• Absolute Control - One player has Absolute Control of an area.

    • Controlled territories typically only contain one player’s units, and other players are barred from co-existing in that territory
    • It’s important to know who controls the space, because the space occupied provides benefits, gives access to certain abilities, or produces resources.
    • Many games allow players to control a territory even though they have evacuated the units within it.
    • Consider how areas change control.
  • Area Majority / Influence - Multiple players may occupy a space and gain benefits based on their proportional presence in the space.

    • While some games allow fluidity to the states of control a territory may exhibit, other games have moments where control must crystallize and resolve in some way
  • Troop Types - To compete for or establish control requires troops, inhabitants, influence, presence, or some similar metaphor for being in a place

    • In the context of area majority games, the simplest distinction between unit types is their power
    • In the context of absolute control, some differences in troop types are tied to the uncertainty engine that resolves combat
  • Territories and Regions - Maps can exhibit hierarchical relationships among their constituent spaces such that a territory might exist in a region and various attributes and parameters may be tied to the control of these areas.

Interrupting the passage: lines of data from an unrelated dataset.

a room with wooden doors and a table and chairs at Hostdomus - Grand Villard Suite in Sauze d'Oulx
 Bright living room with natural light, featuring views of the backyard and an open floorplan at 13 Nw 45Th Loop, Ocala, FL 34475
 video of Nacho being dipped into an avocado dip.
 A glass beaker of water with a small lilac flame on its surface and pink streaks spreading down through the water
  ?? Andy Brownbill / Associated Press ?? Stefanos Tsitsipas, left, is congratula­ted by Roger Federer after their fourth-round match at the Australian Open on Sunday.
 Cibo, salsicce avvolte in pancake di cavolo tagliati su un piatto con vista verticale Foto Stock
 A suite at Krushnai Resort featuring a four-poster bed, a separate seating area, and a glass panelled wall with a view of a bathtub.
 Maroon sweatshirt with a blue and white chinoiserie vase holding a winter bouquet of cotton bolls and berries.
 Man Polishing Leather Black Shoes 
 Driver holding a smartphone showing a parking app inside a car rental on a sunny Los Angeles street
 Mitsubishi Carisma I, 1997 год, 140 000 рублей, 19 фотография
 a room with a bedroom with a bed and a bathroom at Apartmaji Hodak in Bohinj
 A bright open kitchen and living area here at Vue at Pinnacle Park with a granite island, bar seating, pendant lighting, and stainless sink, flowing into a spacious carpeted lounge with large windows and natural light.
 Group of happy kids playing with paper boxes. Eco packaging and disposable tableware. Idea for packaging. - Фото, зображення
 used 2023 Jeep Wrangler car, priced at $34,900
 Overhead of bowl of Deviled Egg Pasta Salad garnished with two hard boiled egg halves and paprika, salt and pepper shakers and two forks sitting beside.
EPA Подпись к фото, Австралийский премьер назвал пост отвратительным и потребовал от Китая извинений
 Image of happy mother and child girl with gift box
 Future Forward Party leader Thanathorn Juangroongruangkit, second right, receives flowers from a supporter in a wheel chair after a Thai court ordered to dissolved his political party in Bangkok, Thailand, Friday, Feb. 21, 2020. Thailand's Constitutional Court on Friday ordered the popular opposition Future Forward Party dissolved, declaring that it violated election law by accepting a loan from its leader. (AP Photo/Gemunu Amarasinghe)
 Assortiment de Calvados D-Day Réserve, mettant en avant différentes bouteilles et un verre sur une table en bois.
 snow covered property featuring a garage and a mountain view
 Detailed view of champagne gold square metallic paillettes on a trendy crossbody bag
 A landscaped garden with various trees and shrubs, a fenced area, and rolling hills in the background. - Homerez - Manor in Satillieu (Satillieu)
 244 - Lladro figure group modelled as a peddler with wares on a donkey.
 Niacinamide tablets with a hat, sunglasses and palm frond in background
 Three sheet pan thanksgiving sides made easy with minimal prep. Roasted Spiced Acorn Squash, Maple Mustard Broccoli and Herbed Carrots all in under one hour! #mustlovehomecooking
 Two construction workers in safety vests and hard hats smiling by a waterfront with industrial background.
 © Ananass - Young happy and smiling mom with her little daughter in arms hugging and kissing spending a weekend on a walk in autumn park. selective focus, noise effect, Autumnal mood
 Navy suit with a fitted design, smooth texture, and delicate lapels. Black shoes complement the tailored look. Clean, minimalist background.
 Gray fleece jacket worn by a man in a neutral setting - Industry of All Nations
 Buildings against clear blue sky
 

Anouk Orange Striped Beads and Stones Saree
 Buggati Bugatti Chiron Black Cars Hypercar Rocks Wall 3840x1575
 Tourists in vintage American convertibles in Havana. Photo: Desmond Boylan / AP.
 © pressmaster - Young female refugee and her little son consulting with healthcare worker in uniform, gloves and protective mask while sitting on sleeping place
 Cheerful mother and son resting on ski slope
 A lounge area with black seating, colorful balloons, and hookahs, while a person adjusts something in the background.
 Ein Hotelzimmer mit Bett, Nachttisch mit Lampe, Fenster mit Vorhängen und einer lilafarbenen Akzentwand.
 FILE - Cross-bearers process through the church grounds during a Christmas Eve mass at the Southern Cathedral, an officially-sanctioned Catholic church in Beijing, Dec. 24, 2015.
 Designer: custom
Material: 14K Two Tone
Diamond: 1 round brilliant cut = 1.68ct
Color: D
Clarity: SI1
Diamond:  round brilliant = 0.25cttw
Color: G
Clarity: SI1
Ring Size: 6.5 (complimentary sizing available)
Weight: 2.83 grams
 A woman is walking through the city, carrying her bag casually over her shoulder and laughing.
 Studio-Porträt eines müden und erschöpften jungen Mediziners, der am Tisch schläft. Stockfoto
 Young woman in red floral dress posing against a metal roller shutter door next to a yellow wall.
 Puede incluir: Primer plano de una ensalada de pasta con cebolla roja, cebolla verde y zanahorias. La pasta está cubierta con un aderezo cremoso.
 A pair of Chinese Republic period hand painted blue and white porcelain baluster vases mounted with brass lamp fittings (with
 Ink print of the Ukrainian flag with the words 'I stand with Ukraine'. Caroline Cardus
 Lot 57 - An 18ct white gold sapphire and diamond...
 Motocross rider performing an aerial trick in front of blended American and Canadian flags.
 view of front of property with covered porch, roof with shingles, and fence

    • Regional effects provide opportunities to bring a setting to life by providing narrative and mechanical events that differentiate the Territories from one another.
  • Area Parameters - Parameters are assigned to regions that impact why players might wish to control them and how they need to allocate resources to do so.

    • The most common Area Parameters are the rewards gained for controlling areas.
    • Can also include terrain and advantages or disadvantages for attacking and defending
    • Another Area Parameter is unit limits per region.
  • Force Projection - Force Projection is the impact of the movement, attack, and other abilities of units on the decision-making of your opponent.

  • Zone Control - Spaces adjacent to a unit impact the ability of opposing units to move or attack.

    • It allows the designer to reduce the unit density and to still allow players to form lines with gaps that enemies cannot simply move through without consequence.
    • ZOC can also be created more organically by allowing units to take opportunity attacks against units that move adjacent to them or past them or that begin a move next to them but move away.
  • Line of Sight - Units may only see certain areas.

    • Line of Sight is a type of Force Projection in that it controls which areas of the board a unit may impact.
    • The simplest mechanism is to have a range and trace the shortest path of spaces to the target. Occlusions may block line of sight.
    • Increased accuracy in LOS comes at the cost of fiddliness in terms of moving pieces.
    • LOS may also need to account for changes in elevation.
    • LOS usually interferes with force projection, so blocking LOS is a tool in the designer’s toolkit for modifying the way in which certain units shape the battlefield and the options players have for navigating it.